Records from a dataset:
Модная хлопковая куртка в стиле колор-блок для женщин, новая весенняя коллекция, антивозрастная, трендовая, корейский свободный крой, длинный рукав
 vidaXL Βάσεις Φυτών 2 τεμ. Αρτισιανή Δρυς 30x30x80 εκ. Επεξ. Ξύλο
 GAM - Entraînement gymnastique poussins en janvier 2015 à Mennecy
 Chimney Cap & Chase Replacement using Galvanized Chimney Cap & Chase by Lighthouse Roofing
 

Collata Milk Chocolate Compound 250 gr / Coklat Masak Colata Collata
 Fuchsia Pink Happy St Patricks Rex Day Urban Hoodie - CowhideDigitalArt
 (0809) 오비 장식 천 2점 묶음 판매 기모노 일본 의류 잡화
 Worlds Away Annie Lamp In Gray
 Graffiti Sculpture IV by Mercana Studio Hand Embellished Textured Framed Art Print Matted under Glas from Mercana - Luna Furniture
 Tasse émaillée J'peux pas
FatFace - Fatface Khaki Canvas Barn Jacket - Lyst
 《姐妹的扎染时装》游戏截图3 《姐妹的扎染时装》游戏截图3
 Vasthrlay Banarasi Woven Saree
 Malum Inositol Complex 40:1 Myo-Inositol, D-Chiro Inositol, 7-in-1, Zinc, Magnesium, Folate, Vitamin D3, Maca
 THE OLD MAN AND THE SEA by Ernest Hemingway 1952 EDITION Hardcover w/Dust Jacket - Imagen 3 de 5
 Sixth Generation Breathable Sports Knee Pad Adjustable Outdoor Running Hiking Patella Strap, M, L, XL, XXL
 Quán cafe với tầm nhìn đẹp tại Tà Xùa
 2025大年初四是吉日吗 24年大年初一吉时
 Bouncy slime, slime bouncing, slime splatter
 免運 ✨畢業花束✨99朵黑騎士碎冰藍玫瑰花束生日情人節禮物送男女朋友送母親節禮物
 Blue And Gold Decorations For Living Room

### Task brief
Set down exactly the lines of the data above, beginning with the line that has "Worlds Away Annie Lamp In Gray" and ending with the line that has "2025大年初四是吉日吗 24年大年初一吉时", and no others.

### Answer box
 Worlds Away Annie Lamp In Gray
 Graffiti Sculpture IV by Mercana Studio Hand Embellished Textured Framed Art Print Matted under Glas from Mercana - Luna Furniture
 Tasse émaillée J'peux pas
FatFace - Fatface Khaki Canvas Barn Jacket - Lyst
 《姐妹的扎染时装》游戏截图3 《姐妹的扎染时装》游戏截图3
 Vasthrlay Banarasi Woven Saree
 Malum Inositol Complex 40:1 Myo-Inositol, D-Chiro Inositol, 7-in-1, Zinc, Magnesium, Folate, Vitamin D3, Maca
 THE OLD MAN AND THE SEA by Ernest Hemingway 1952 EDITION Hardcover w/Dust Jacket - Imagen 3 de 5
 Sixth Generation Breathable Sports Knee Pad Adjustable Outdoor Running Hiking Patella Strap, M, L, XL, XXL
 Quán cafe với tầm nhìn đẹp tại Tà Xùa
 2025大年初四是吉日吗 24年大年初一吉时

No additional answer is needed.